- _TASK TO CARRY OUT_: When the records are reproduced, each one must match exactly, and no picture may be kept.

(Short descriptive text snippets)
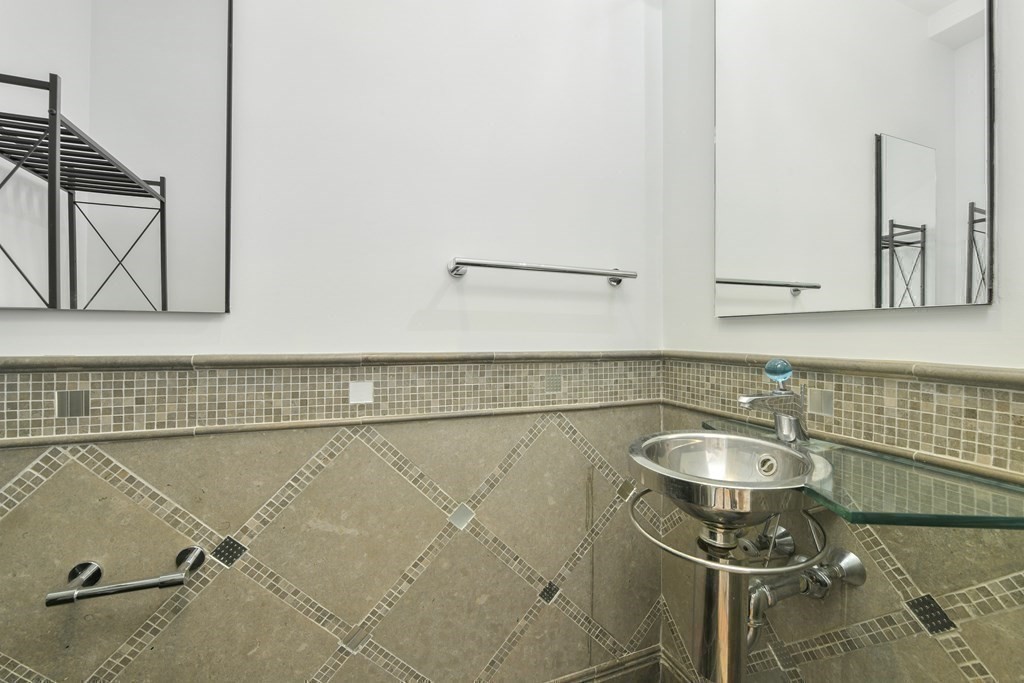 492 Beacon Street, Unit 82 Boston, MA 02115 - Photo 8 of 21 a bathroom with a sink and a mirror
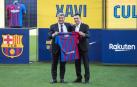 Xavi Hernandez y Joan Laporta durante la presentación del técnico culé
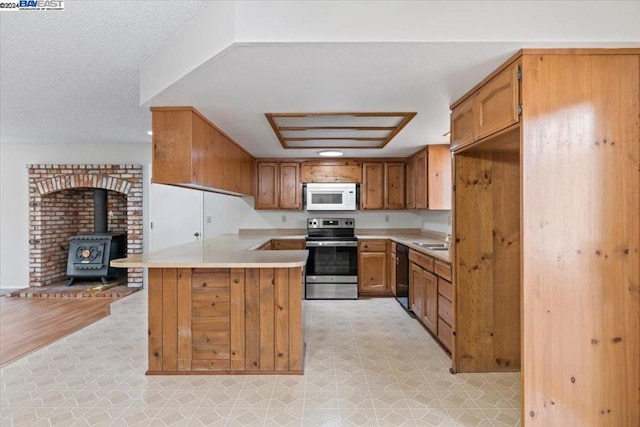 kitchen with dishwasher, sink, stainless steel range with electric cooktop, a wood stove, and kitchen peninsula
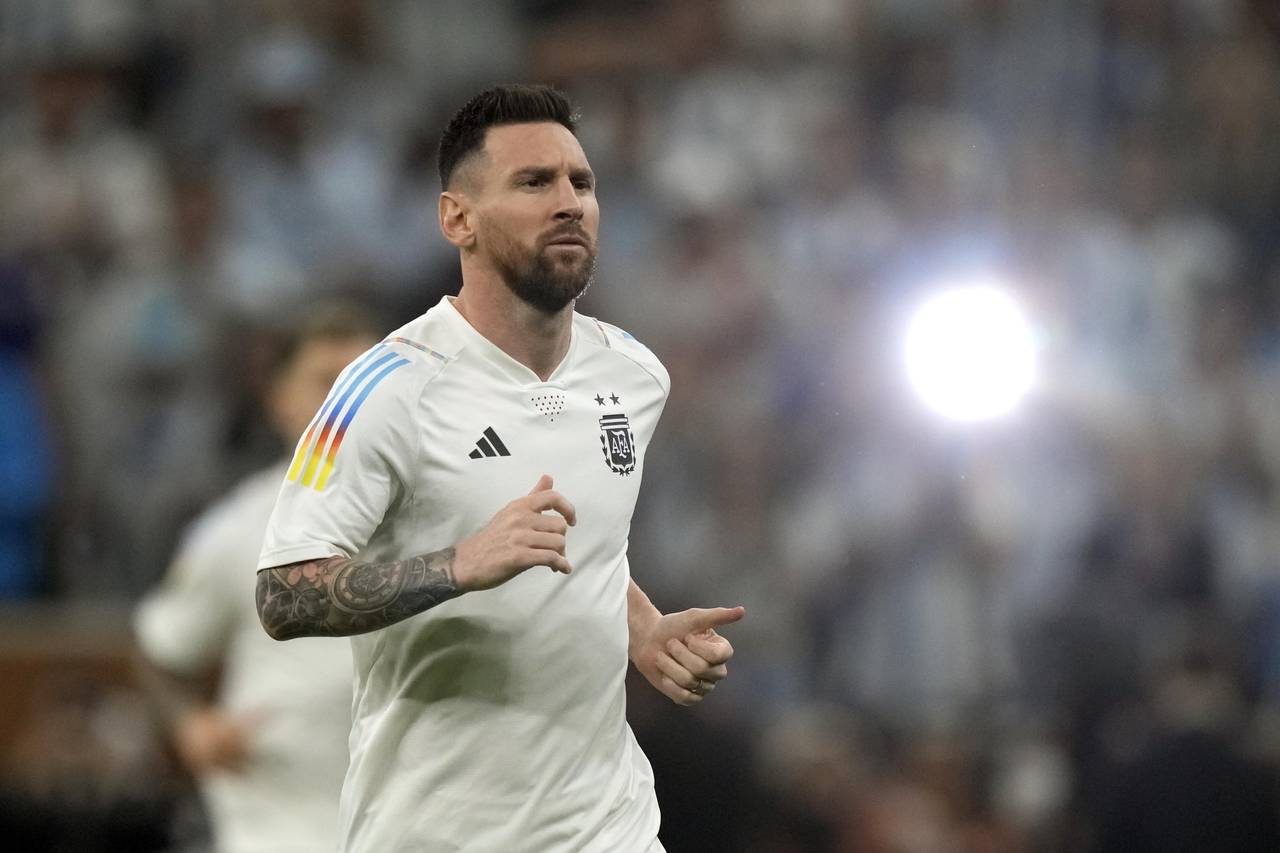 Argentina's Lionel Messi warms up for the World Cup final soccer match between Argentina and France...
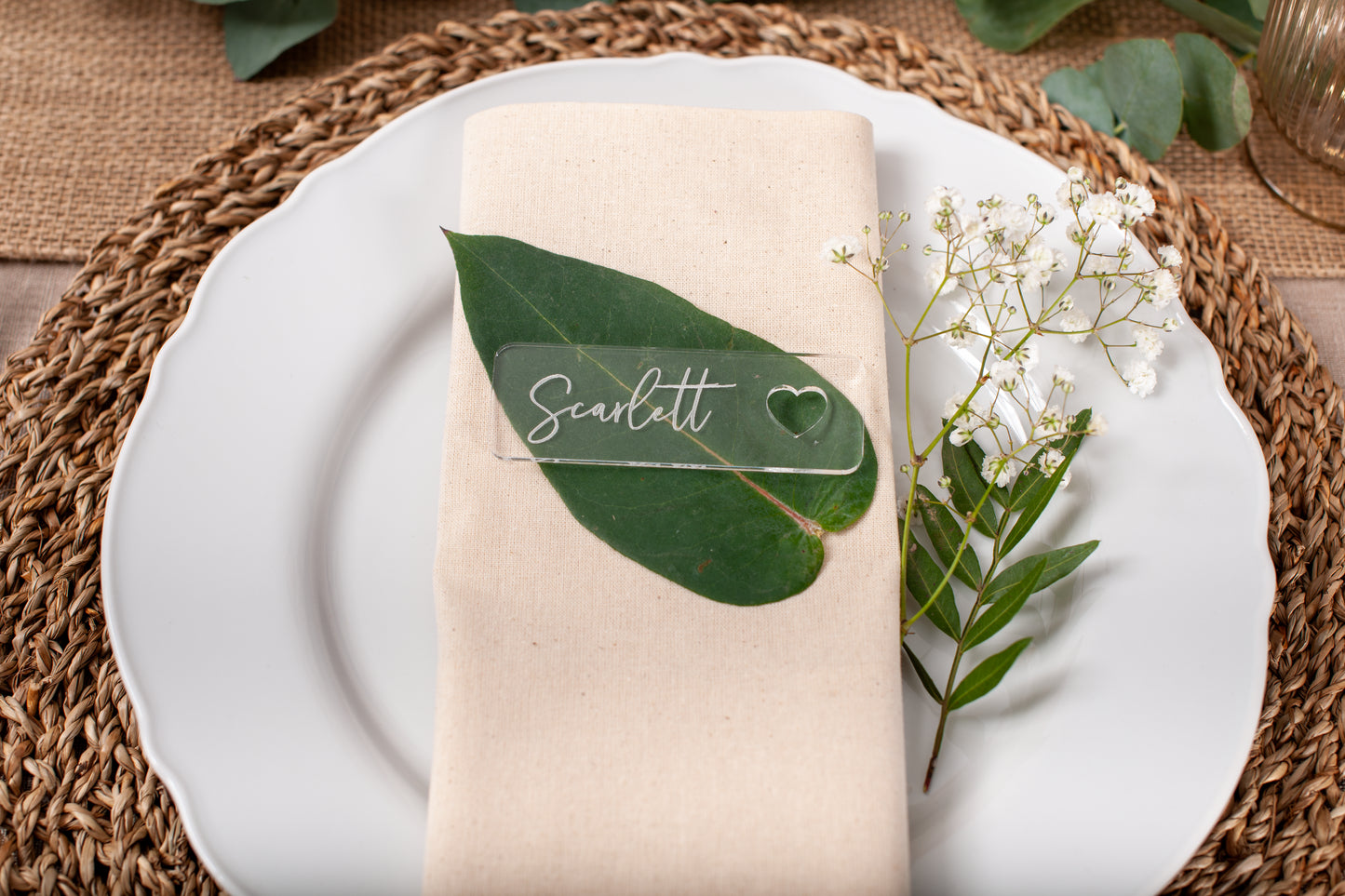 Acrylic wedding name place cards with heart cut-out detail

- _RESPONSE TO THE EXERCISE_:
 492 Beacon Street, Unit 82 Boston, MA 02115 - Photo 8 of 21 a bathroom with a sink and a mirror
 Xavi Hernandez y Joan Laporta durante la presentación del técnico culé
 kitchen with dishwasher, sink, stainless steel range with electric cooktop, a wood stove, and kitchen peninsula
 Argentina's Lionel Messi warms up for the World Cup final soccer match between Argentina and France...
 Acrylic wedding name place cards with heart cut-out detail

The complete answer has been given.